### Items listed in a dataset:
[Start of Attachment]
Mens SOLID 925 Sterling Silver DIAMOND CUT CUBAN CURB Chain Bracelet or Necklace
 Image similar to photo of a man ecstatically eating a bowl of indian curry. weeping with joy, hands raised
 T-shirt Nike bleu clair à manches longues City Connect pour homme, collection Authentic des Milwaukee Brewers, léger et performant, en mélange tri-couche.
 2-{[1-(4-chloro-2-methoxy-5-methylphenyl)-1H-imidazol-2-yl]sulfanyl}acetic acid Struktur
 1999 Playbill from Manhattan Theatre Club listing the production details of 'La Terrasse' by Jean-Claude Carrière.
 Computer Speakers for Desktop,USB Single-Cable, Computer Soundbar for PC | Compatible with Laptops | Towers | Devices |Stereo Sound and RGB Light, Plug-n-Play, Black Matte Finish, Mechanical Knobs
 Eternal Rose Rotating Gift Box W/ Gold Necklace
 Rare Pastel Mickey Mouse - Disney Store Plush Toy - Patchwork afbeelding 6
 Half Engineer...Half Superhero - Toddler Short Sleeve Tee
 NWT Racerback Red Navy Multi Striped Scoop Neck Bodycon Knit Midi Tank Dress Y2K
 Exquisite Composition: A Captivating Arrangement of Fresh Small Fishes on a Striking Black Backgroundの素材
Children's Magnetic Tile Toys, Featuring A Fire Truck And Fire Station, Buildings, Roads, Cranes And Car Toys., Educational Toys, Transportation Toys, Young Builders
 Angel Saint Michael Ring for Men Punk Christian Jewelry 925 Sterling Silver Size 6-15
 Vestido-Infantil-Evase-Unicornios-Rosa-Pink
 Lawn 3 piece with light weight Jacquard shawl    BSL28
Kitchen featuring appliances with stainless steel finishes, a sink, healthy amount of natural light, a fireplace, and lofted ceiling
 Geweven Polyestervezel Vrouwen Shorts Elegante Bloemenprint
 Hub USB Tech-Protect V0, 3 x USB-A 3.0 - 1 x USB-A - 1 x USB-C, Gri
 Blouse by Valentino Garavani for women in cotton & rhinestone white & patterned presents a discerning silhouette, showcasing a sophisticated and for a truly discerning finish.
[End of Attachment]
### YOUR GOAL:
Above are the records; from them, give again exactly the lines from the one containing "Kitchen featuring appliances" through the one containing "Hub USB Tech-Protect", both included.

### RESPONSE BELOW:
Kitchen featuring appliances with stainless steel finishes, a sink, healthy amount of natural light, a fireplace, and lofted ceiling
 Geweven Polyestervezel Vrouwen Shorts Elegante Bloemenprint
 Hub USB Tech-Protect V0, 3 x USB-A 3.0 - 1 x USB-A - 1 x USB-C, Gri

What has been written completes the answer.